In the last semester of 2015, Sander was heading for a 3-month research stint at Boston University to work on routing in RINA with John Day and the BU team. By that time, we had ruled out branching off of openIRATI. Our estimate was that cleaning up the code base would be more work than starting over. We'd also have IRATI as an upstream dependency, and trying to merge contributions upstream would lead to endless discussions and further hamper progress for both projects. IRATI was out. Contributing to rlite then? Vincenzo was making progress fast, and we knew he was extremely talented and competent. But we were also afraid of running into disagreements of how to proceed. In the meantime, Sander's original research plans in Boston got subverted by a 'major review' decision on the _shim hypervisor_ article, putting his priority on getting that accepted and published. When I visited Sander in Boston at the end of October, we were again assessing the situation, and agreed that the best decision was to start our own prototype, to avoid rlite having _too many cooks in the kitchen_. Our development was not going to be part of some funded project, so we were free to evaluate and scrutinize all design decisions, and we could get feedback on the RINA mailing lists on our findings. When all considerations settled, our own RINA implementation was going to be in user-space and target POSIX.

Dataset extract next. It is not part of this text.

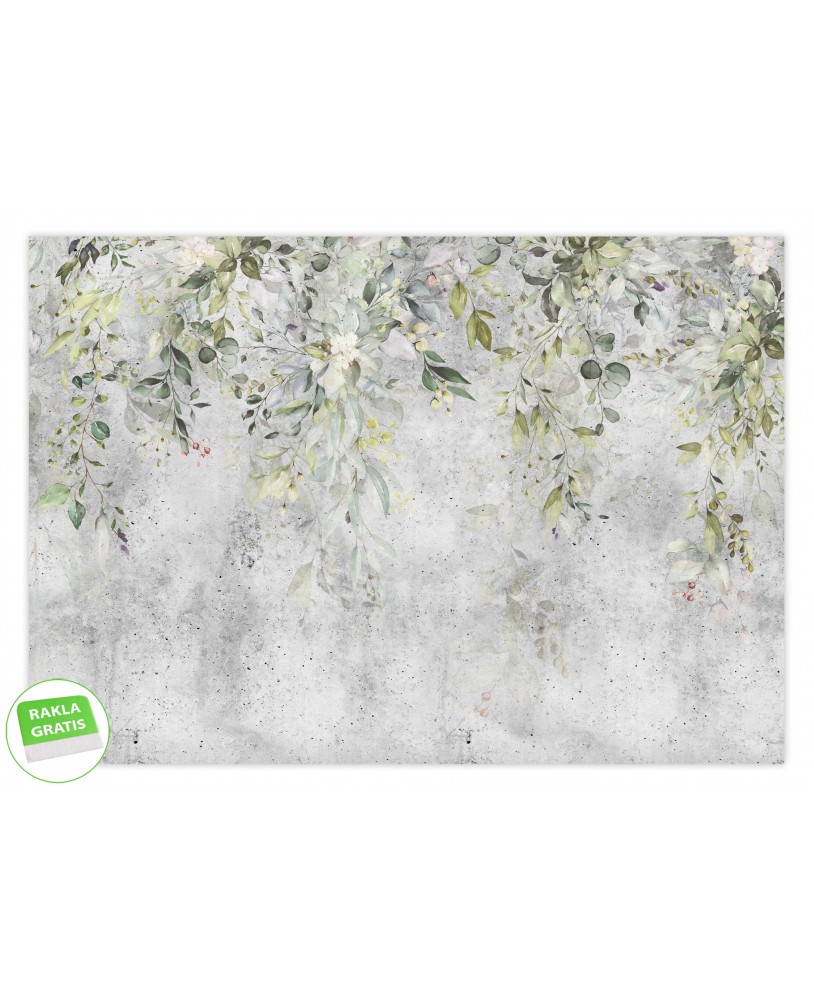 Fototapeta na wymiar liście na betonie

We were confident we could get it done, so we took the gamble. ARCFIRE was going to start soon, but the first part of the ARCFIRE project would be tool development. Our experimentation contributions to PRISTINE were planned to wrap up by April -- the project was planned to end in June, but a 4-month extension pushed it to the end of October. So starting May, we'd have some time to work on this new RINA prototype relatively undisturbed. In the very worst case, if our project went down the drain, we could still use IRATI or rlite to meet any objectives for ARCFIRE. We named our new RINA-implementation-to-be _Ouroboros_, the mythical snake that eats its own tail represented recursion, and also -- with a touch of imagination -- resembles the operation of a _ring buffer_.

2016: ARCFIRE and the start of Ouroboros

Another year, and we kept the tradition of RINA project kick-offs going. This time it was again in Barcelona, but without a co-located workshop. ARCFIRE (like IRATI before it) was within the FIRE framework, and the project committed to get experiments running with a reasonable number of nodes (on the order of 100) to demonstrate stability and scale of the prototypes and also to bring more tooling to the RINA community. The project was coordinated by Sven van der Meer (Ericsson at that time), who had done significant work on the PRISTINE use cases, and would focus on the impact of RINA on network management. The industry-inspired use cases were brought by Diego López (Telefónica), _acteur incontournable_ in the Network Functions Virtualization (NFV) world. The project was of course topped off with the usual suspects - i2cat, Nextworks, and ourselves. The order at hand for us was to develop a fleshed-out testbed deployment framework for RINA, which we named Rumba. The name derived from rhumba - a bunch of rattlesnakes - and an Ouroboros is a mythical snake, and it was written in Python. A rhumba project already existed, but rumba was an accepted alternate spelling.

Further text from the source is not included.